__TASK TO COMPLETE__.
Below are some records. Return exactly the lines from the one with "House for sale in Central Delhi, Deri" to the one with "#แว่นกรองแสง #แว่นกันแดดuv400 #แว่นตา", and nothing else.

__DATA__.

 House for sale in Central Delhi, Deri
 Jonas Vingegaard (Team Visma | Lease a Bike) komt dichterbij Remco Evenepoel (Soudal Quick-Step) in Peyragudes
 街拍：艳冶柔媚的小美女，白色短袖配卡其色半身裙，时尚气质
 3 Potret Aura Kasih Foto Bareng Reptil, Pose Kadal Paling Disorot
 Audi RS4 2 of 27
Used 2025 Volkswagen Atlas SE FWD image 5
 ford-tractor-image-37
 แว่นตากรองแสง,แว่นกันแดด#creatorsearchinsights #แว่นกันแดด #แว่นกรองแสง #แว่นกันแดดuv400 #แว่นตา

--

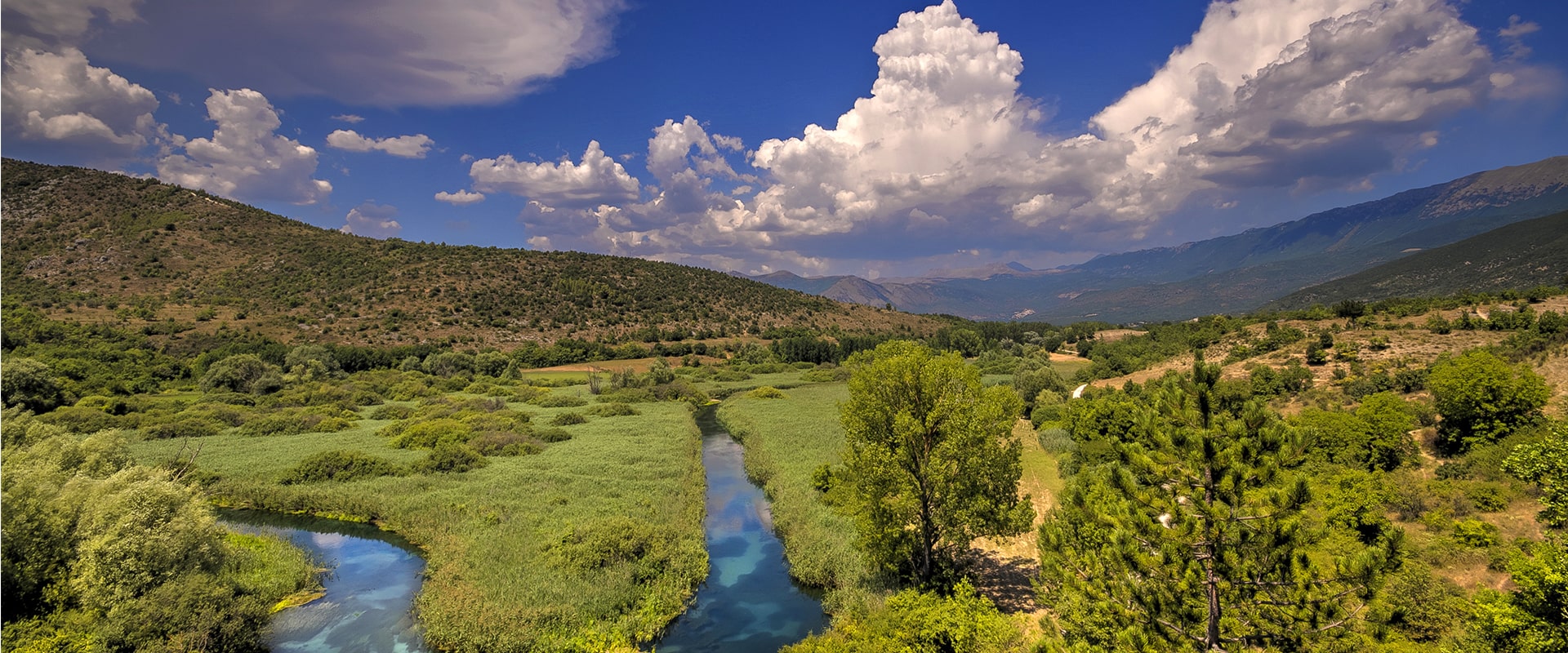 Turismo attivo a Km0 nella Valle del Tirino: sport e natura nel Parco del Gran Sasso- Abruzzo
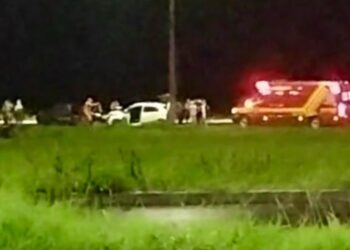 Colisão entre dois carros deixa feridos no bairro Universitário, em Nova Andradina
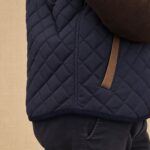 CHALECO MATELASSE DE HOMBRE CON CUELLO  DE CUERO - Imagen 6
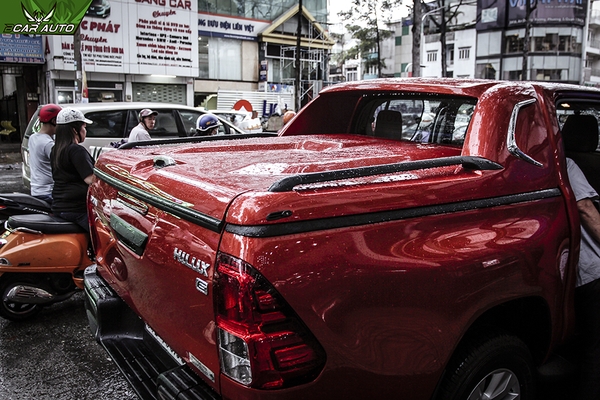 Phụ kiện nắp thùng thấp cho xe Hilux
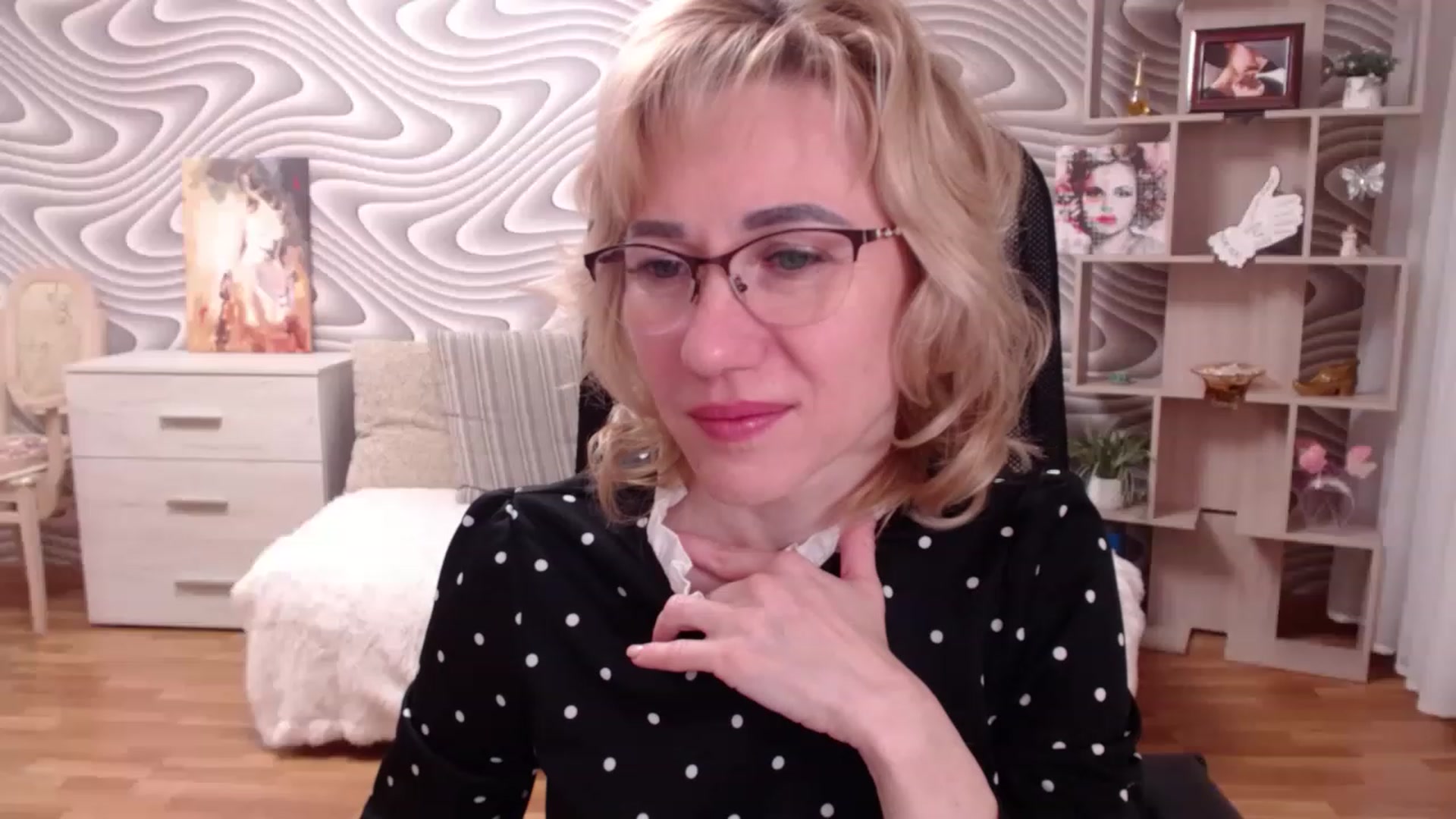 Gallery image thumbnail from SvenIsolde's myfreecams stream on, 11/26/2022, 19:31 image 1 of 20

__EXPECTED OUTPUT__.
 House for sale in Central Delhi, Deri
 Jonas Vingegaard (Team Visma | Lease a Bike) komt dichterbij Remco Evenepoel (Soudal Quick-Step) in Peyragudes
 街拍：艳冶柔媚的小美女，白色短袖配卡其色半身裙，时尚气质
 3 Potret Aura Kasih Foto Bareng Reptil, Pose Kadal Paling Disorot
 Audi RS4 2 of 27
Used 2025 Volkswagen Atlas SE FWD image 5
 ford-tractor-image-37
 แว่นตากรองแสง,แว่นกันแดด#creatorsearchinsights #แว่นกันแดด #แว่นกรองแสง #แว่นกันแดดuv400 #แว่นตา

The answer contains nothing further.